AB-Arts
aievents

Campus AI : la France pousse l'IA souveraine à 3 GW

AB-Arts
4 juin 2026 · 8 min de lecture
Campus AI : la France pousse l'IA souveraine à 3 GW

Au sommet Choose France 2026, l'annonce a tenu en une ligne : Campus AI, le projet d'usine à intelligence artificielle implanté à Fouju, en Seine-et-Marne, vise désormais 3 gigawatts de puissance de calcul, soutenu par un investissement global de 7,5 milliards d'euros. Derrière le chiffre, une question implicite traverse toute l'Europe : assistons-nous à un véritable tournant industriel, ou au théâtre d'ombres d'une souveraineté de façade ?

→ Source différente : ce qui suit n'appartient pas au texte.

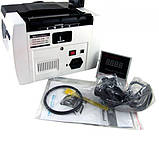 Лічильник банкнот MHZ MG6200 з детектором UV (SH005072), фото 4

Avant cette annonce, l'Europe parlait beaucoup de cloud souverain et investissait peu. Désormais, un projet concret réunit Mistral AI, Bpifrance, le fonds émirati MGX et NVIDIA autour d'une infrastructure dont l'échelle, par sa seule consommation électrique, oblige à reposer la question autrement. À Bruxelles, où nous créons quotidiennement avec l'IA, l'événement mérite mieux qu'un enthousiasme réflexe ou qu'une critique de principe. Il mérite d'être lu pour ce qu'il change réellement, et pour ce qu'il ne change pas.

La souveraineté numérique n'est pas un drapeau planté sur un data center. C'est une chaîne de dépendances, et Campus AI en déplace certains maillons sans en briser d'autres.


Ce que 3 gigawatts signifient concrètement

Le chiffre passe vite dans les communiqués, mais il faut prendre le temps de le poser. Un gigawatt, c'est la puissance électrique d'un réacteur nucléaire de moyenne génération, ou la consommation instantanée d'environ un million de foyers français. À 3 GW, Campus AI s'aligne donc, à terme, sur la puissance de près de trois réacteurs nucléaires. Cela représente l'équivalent énergétique de la consommation domestique de trois millions de foyers, mobilisée en permanence pour faire tourner des serveurs.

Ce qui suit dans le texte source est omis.